GST pull-down experiments. Bacterial lysates were prepared as described above and applied to prepacked Glutathione Sepharose 4B columns, washed with 10 bed volumes of lysis buffer (without detergent and lysozyme), and equilibrated with 5 bed volumes of co-immunoprecipitation (Co-IP) buffer (50 mM Tris, pH 7.5, 100 mM NaCl, 15 mM EGTA, 0.1% Triton X-100, 1 mM DTT, and protease inhibitors). Protein extracts from isolated glomeruli were diluted 1:2 in Co-IP buffer and applied to the GST columns as described for the bacterial lysates. Columns were washed with 20 bed volumes of Co-IP buffer, before the bound fusion protein was eluted with 4 volumes of elution buffer (EB: 10 mM reduced glutathione in 50 mM Tris, pH 8.0). One-milliliter fractions were collected and aliquots were analyzed by Western blotting.
Coimmunoprecipitation. Protein extracts were prepared as described above with the addition of 1 mM vanadate in the homogenization buffer. For each immunoprecipitation, 0.5 mg protein extract was precleared with protein A-Sepharose 4B (Sigma-Aldrich) in 0.5 ml TNE buffer (250 mM NaCl, 5 mM EDTA, 10 mM Tris, pH 7.4, proteinase inhibitors) for 1 hour at 4°C to remove immunoglobulin-like proteins that may bind nonspecifically to the beads. In some experiments the precleared extracts were immunoprecipitated with anti-nephrin, anti-CD2AP, anti-podocin, or anti-lamin antibodies cross-linked to protein A-Sepharose beads using the Seize X Protein A immunoprecipitation kit (Pierce Chemical Co.) according to the manufacturer’s protocol. After addition of sample buffer without reducing agents (β-mercaptoethanol; β-ME), samples were boiled for 3 minutes at 60°C and proteins were analyzed by Western blot. In other experiments, extracts were incubated with precipitating antibodies for 2 hours at 4°C. Nonspecific aggregates were pelleted by centrifuging for 5 minutes at 14,000 g at 4°C. A mixture of protein A/G-Sepharose 4B beads (Sigma-Aldrich) was added to the supernatants and incubated for 90 minutes at 4°C. In this step protein G was added because of its broader affinity spectrum for different subtypes of antibodies compared with protein A. The beads were washed five times in TNE buffer before bound proteins were eluted by boiling the samples for 5 minutes in sample buffer (containing β-ME) at 95°C.
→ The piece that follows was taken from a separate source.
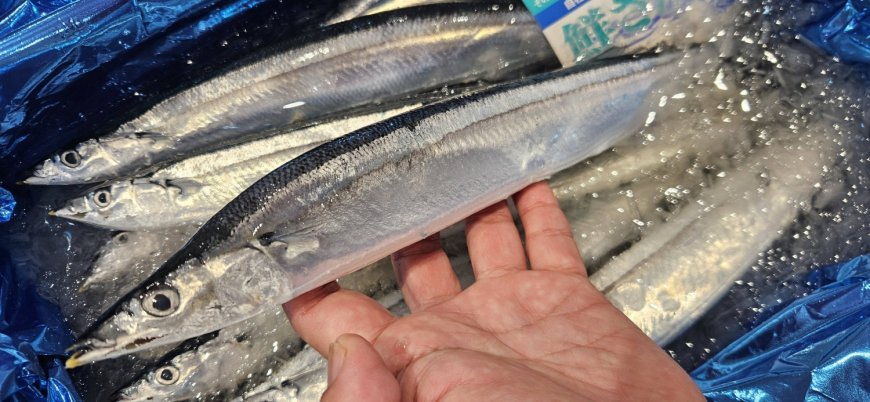 Japan’s Maruha Nichiro succeeds in farming saury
In vitro translation assays. For the in vitro translation and precipitation studies, 1 μg of myc-tagged CD2AP, 1 μg of podocin cDNA, or 1 μg of a myc-control plasmid (constitutively active Notch3) was transcribed and translated using the TNT coupled reticulocyte lysate system (Promega Corp., Madison, Wisconsin, USA) according to the manufacturer’s protocol in the presence or absence of S35-methionine. Two microliters of each reaction was analyzed separately by SDS-PAGE and autoradiography. For coimmunoprecipitations, 10 μl of S35-labeled podocin and 10 μl of unlabeled CD2AP were mixed together and the volume was adjusted to 250 μl by addition of TNE buffer. After 3 hours’ incubation on ice, 4 μl of anti-myc antibody was added and samples were incubated as described above for the Co-IP experiments. After precipitation, proteins were eluted with 100 μl 100 mM glycine (pH 2.7) and samples were analyzed by SDS-PAGE and autoradiography. To show the specificity of the interaction, in vitro translated radioactive-labeled podocin was incubated either with the anti-myc antibody alone or in the presence of the myc-tagged control protein. For the GST pull-down experiments the podocin fragments and GST were expressed and isolated as described above. One hundred microliters of the respective fusion protein bound to Sepharose beads was incubated with 30 μl of radioactive-labeled CD2AP in a final volume of 250 μl Co-IP buffer overnight at 4°C. Samples were washed with Co-IP buffer until only background levels of radioactivity were detectable in the GST sample. Bound proteins were eluated with EB and analyzed by SDS-PAGE and autoradiography.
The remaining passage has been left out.